Metal Recycling in Alberta

Although they aren't biodegradable, metals represent one of the greatest opportunities for recycling. That's because they can undergo recycling processes repeatedly without being altered in properties or quality. Here's how Alberta is doing recycling metals so far.

According to Statistics Canada, Alberta recycled 20,685 tons of ferrous metals in 2008. By 2010, Albertans had increased that number to 23,014 tons. In both years, Alberta ranked fourth among all of Canada's provinces in this category, after Quebec, Ontario, and British Columbia.

Statistics Canada also reports that Alberta recycled 6,814 tons of copper and aluminum in 2008, the third-highest amount by province. Alberta's mixed metals recycling numbers rank is even higher: 20,266 tons in 2008, behind only Ontario's 22,364 tons. (The figures for 2010 are not available due to privacy restrictions from the Statistics Act.)

Those numbers show that Alberta already has facilities for recycling all types of metal, but we could certainly keep more metal waste out of landfills.

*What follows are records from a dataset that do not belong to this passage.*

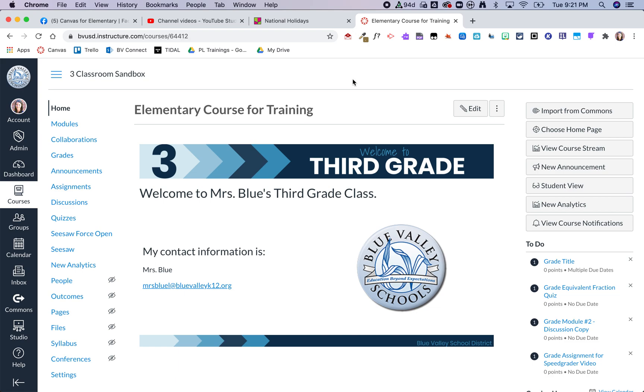Hey guys, here's a quick video to show how you can embed a Padlet right into a Canvas page.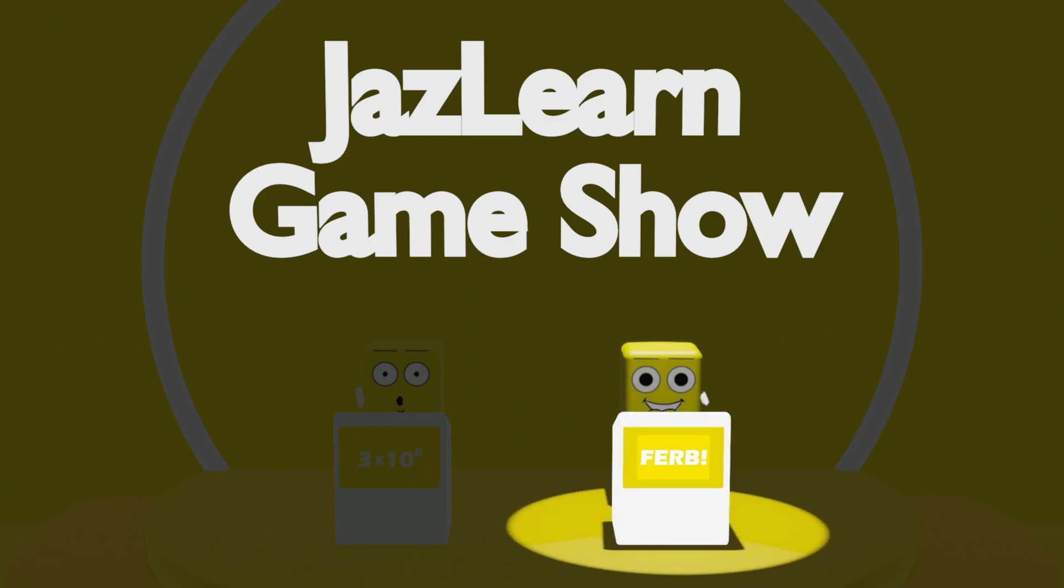That's all for the JazzLearn Game Show. Thank you to our audience and our contestants, Tarzan and Ferb, and good night.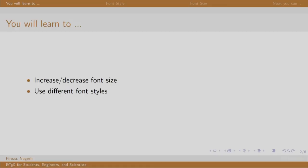Welcome back to the session on LaTeX. In this session, we will learn to format the text in a document by using different font styles and increasing and decreasing the size of the text.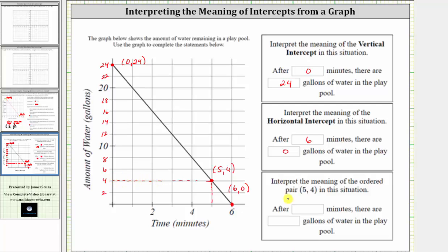So the meaning of the ordered pair (5, 4) is after five minutes, there are four gallons of water in the play pool. I hope you found this helpful.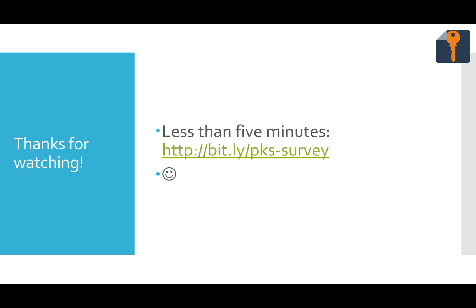Thanks again for watching the tutorial. Probably in less time than it took you to watch this, you can also go take the survey once again at bit.ly slash pks-survey. Thank you and have a great day.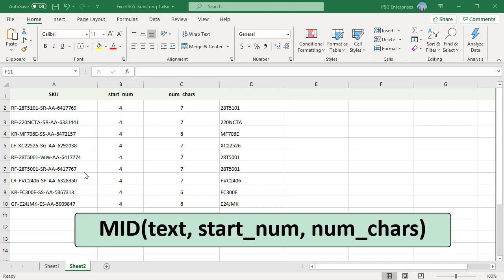The first argument is the string containing the text you want to extract, for example, A2. Second argument, startPosition, specifies the position of the first character you want to extract. Pass the position of the first occurrence of dash plus 1 as startNum.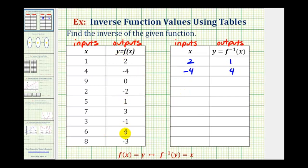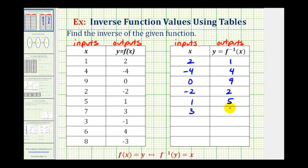The outputs for function f become the inputs for the inverse function, and the inputs for function f become the outputs for the inverse function. So if this is (9, 0) this is (0, 9). If this is (2, -2) this is (-2, 2). If this is (7, 3) this will be (3, 7). If this is (3, -1) this is (-1, 3). If this is (6, 4) this is (4, 6), and if this is (8, -3) this is (-3, 8).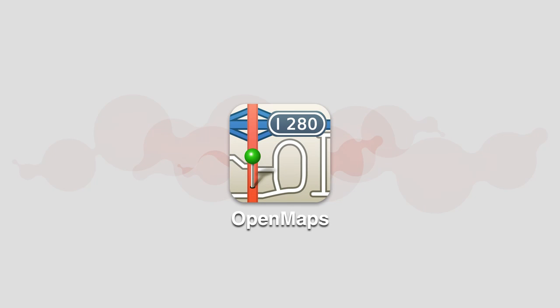OpenMaps is the best map application that is based on OpenStreetMap.org, the free wiki world map. Let me show you why.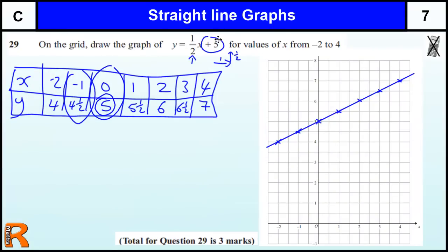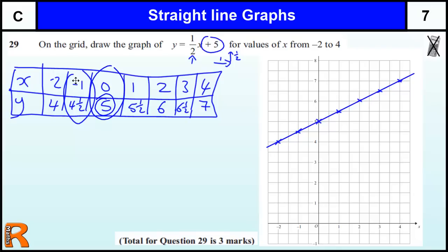There are different ways of doing it. Technically you only need two points to draw a line, so it doesn't say you have to plot all the points — it just says from minus 2 to 4, so make sure you go from at least minus 2 to 4. There are three marks available here: one mark for getting at least two points correct, one mark for plotting at least two of the points you created correctly from your table, and one mark for finishing the line correctly between minus 2 and 4.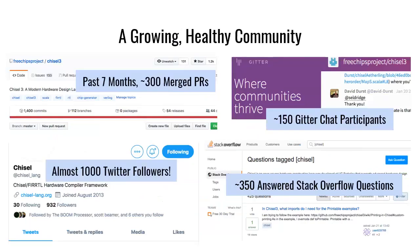We have a growing, healthy community. Over the past seven months, we have 300 merged PRs from a variety of people across a variety of Chisel-related core repositories. We have an active Gitter channel if you need your questions answered more immediately. We're really focusing on Stack Overflow as a place to ask and answer questions because it helps with the one-to-many problem. And we have almost a thousand Twitter followers, so if you're not already, follow Chisel Lang on Twitter.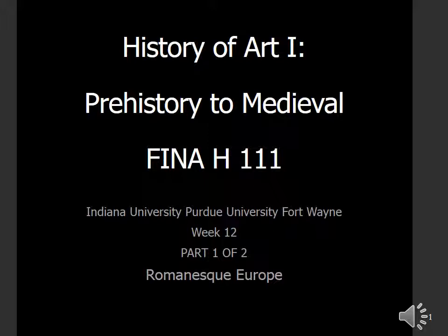Hello and welcome to week 12 of History of Art 1, FINA H111, Prehistory to Medieval. My name is Dr. Erin Schwartz and this is being presented by Indiana University, Purdue University of Fort Wayne. Our topic for this week is Romanesque Europe.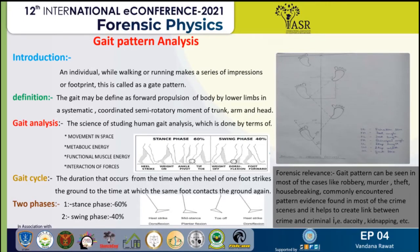There are two basic parameters: static measurement and dynamic measurement. Static measurements are geometrical measurements of the body, for example, whole leg length and knee-to-foot height. Dynamic measurements are measurements related to gait, for example, the distance between both legs and knees, the length of stride, and other related metrics.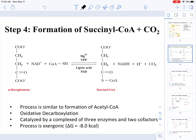In this video we are going to be continuing talking about the reactions involved in the TCA cycle, then proceeding to talk about the control mechanisms involved in this process. Continuing our reaction sequence, in step four we're going to be converting alpha-ketoglutarate to succinyl-CoA.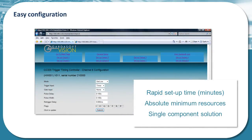The CC320 is very easy to configure and can communicate via Ethernet for both setup purposes and real-time command changes. Setup time is typically measured in minutes, as opposed to the more involved programming of a PLC or SPS. It is a single component solution with absolute minimum resources required to implement machine vision solutions.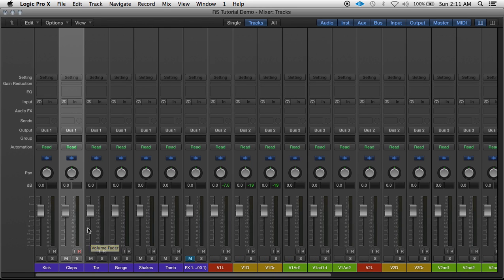Hey, this is Marshall Hayes, and in this tutorial we're going to be going over how to set up effect loops in Logic Pro X.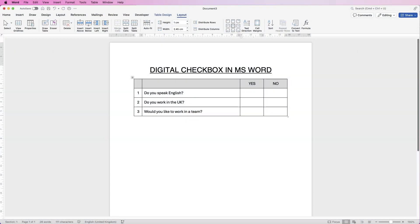Hi, welcome to the channel and today I'm going to be showing you how to create digital checkboxes in Word.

Electronics Recycling in Alberta

You might have purchased this year's must-have new cell phone or laptop on sale, but have you considered the environmental impact of buying new electronic gadgets every two to three years? All that upgrading results in large amounts of electronic waste, and too much of it ends up in landfills. Luckily, most electronics are eligible for recycling.

In 2004, Alberta led the charge for electronics recycling in Canada and became the first province to offer the service. Since then, many privatized recycling companies have started accepting electronics for recycling, as well, to keep them out of landfills.

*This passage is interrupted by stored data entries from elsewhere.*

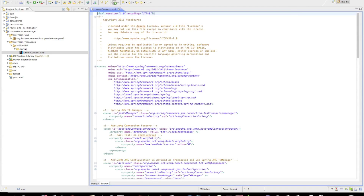I'd like to show you a simple Camel route that we've created to illustrate how we can run JMS transactions and JPA transactions simultaneously within the same route in different transaction branches.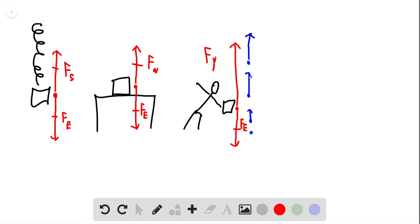This thing is bigger than that. And we can even make some equations here. We can say that the force you're exerting minus the force the Earth is exerting is actually causing the acceleration.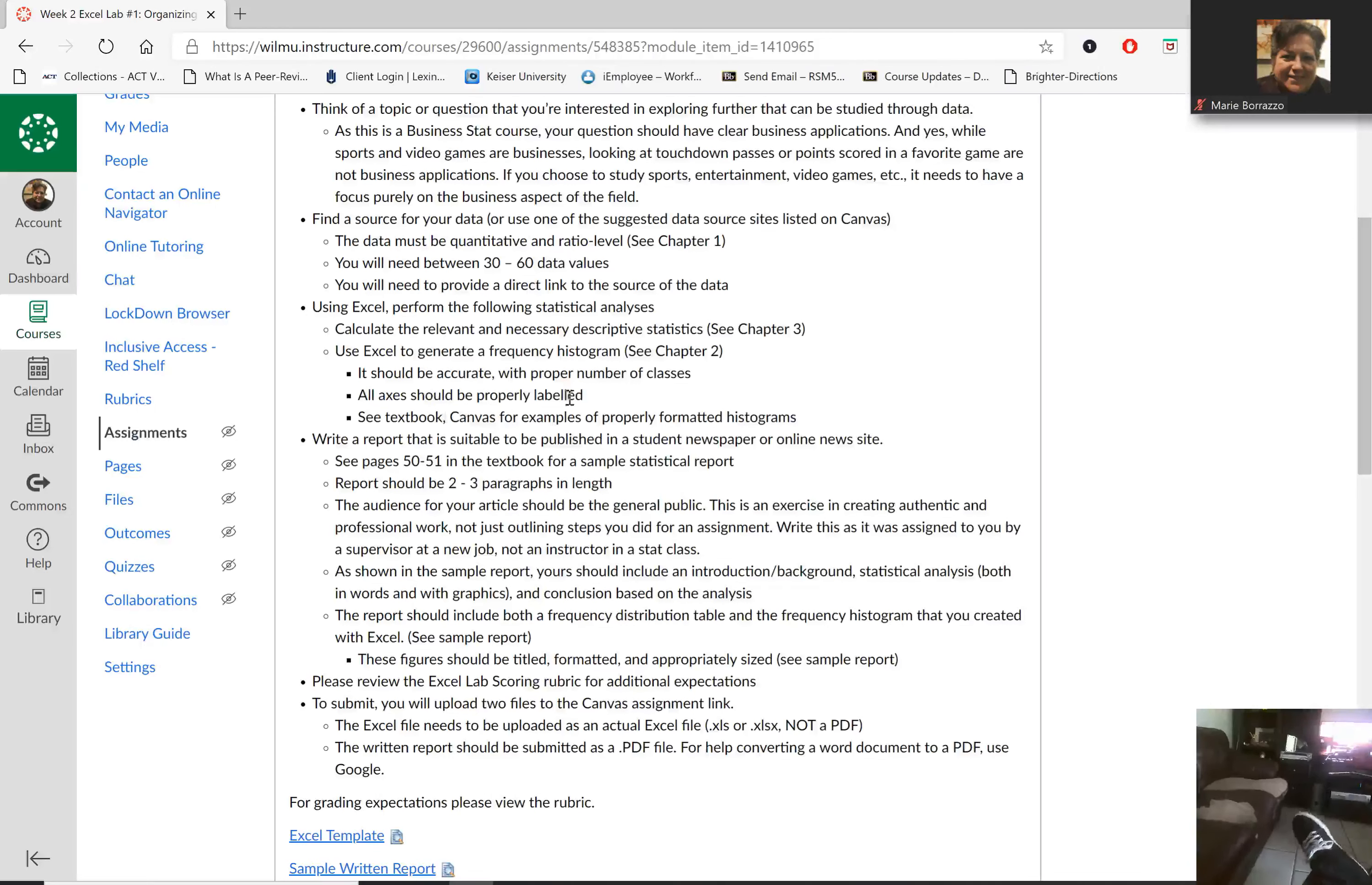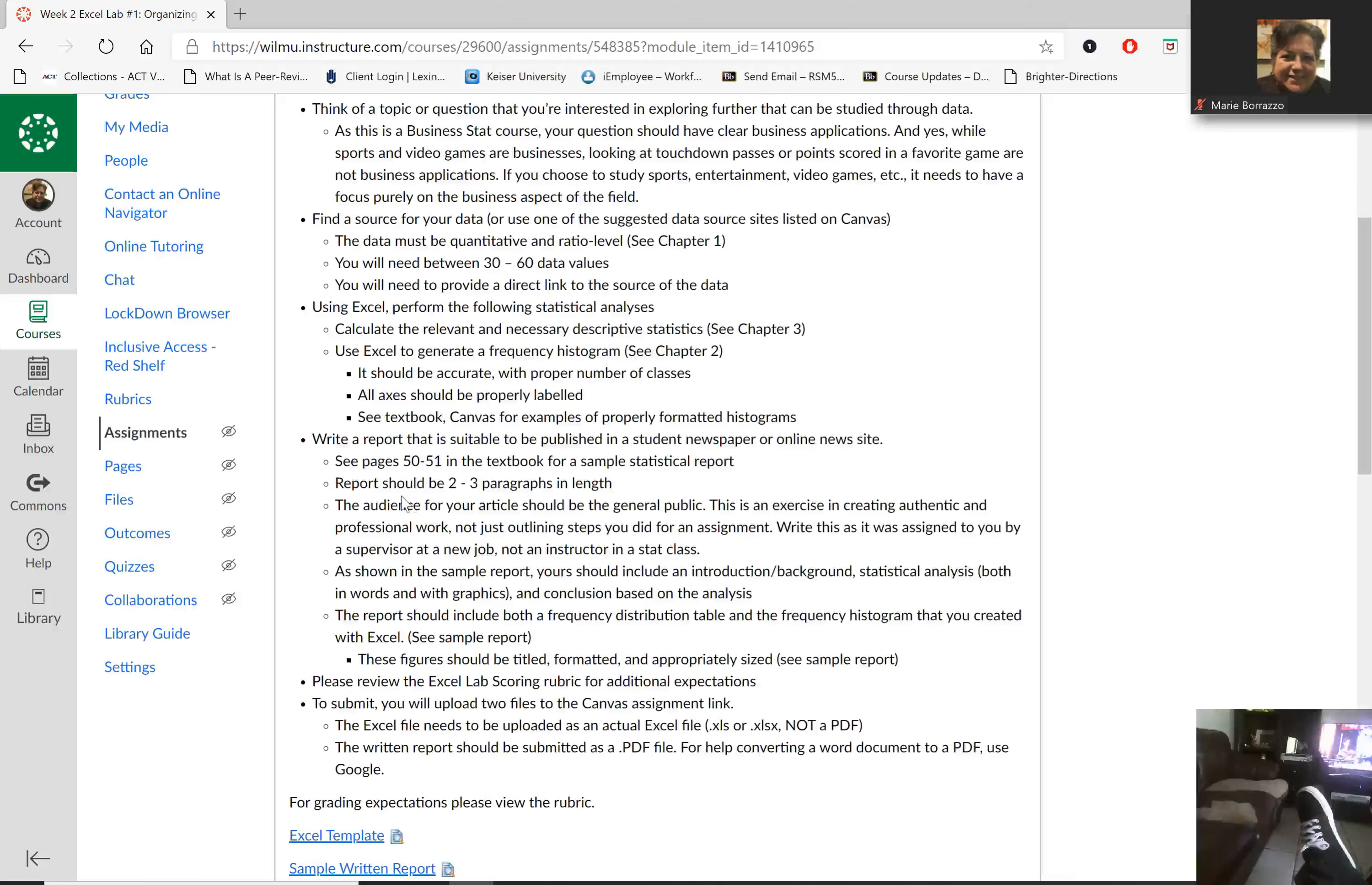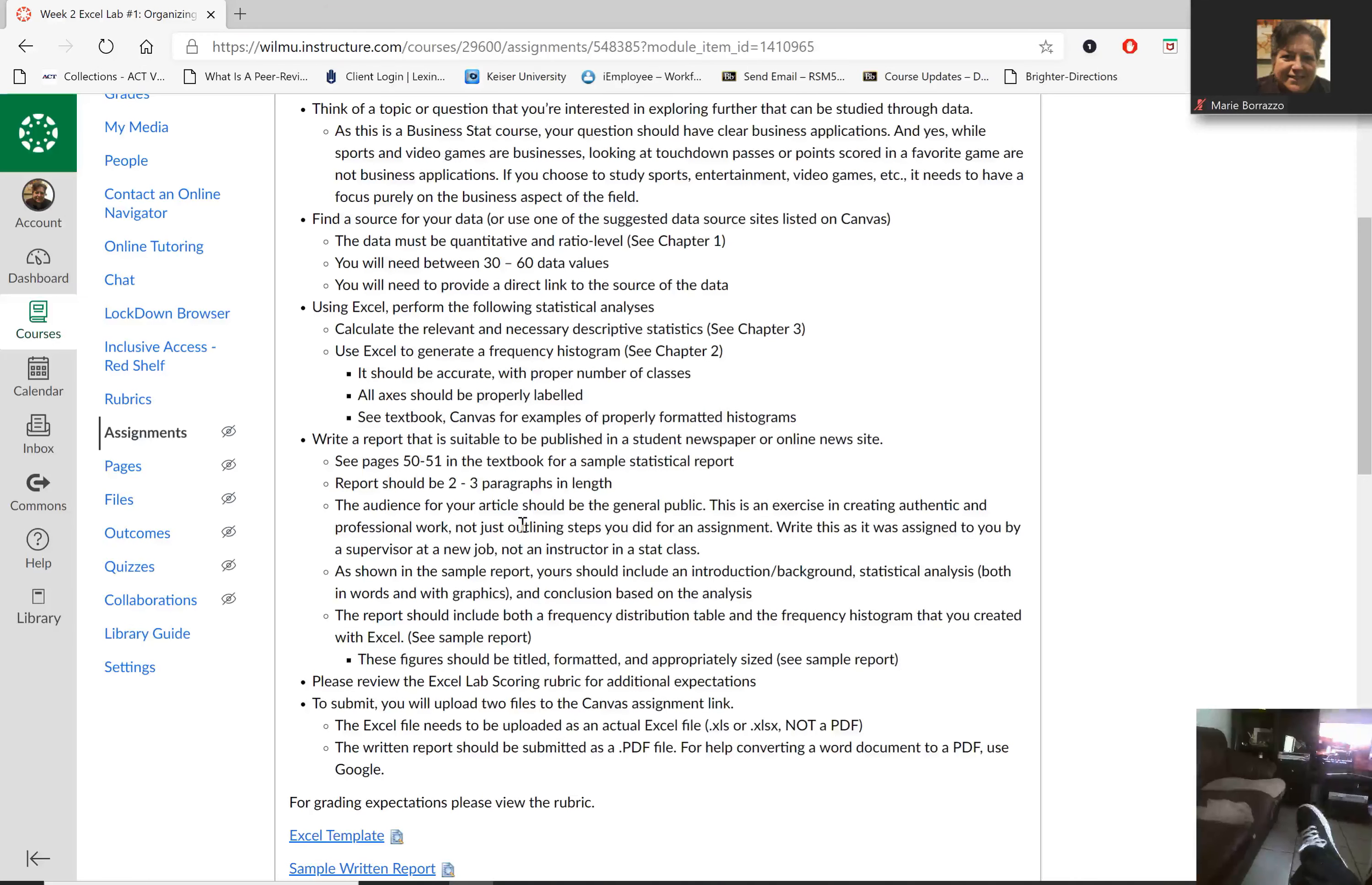We're going to label the axes and then write a report discussing what we found, discussing all the information. Now, remember, the report should be two to three paragraphs in length. I recommend a page to page and a half. That should be sufficient, and that includes your data and charts.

Alberta was one of Canada's leading provinces for electronics recycling in 2008, with 5,429 tons recycled. Those numbers increased to 7,707 tons in 2010, keeping Alberta the second-highest recycler of electronics among participating provinces.

What do those numbers mean in terms of electronic waste? Check out these figures from Alberta Recycling Management Authority:

  • 1.9 million computers
  • 1.2 million printers
  • 3.2 million television sets

We hope knowing the numbers behind recycling motivates you to watch what you use and how you dispose of it. Do your part to reduce Alberta's reliance on unmined natural resources and our impact on the environment by recycling whatever you can.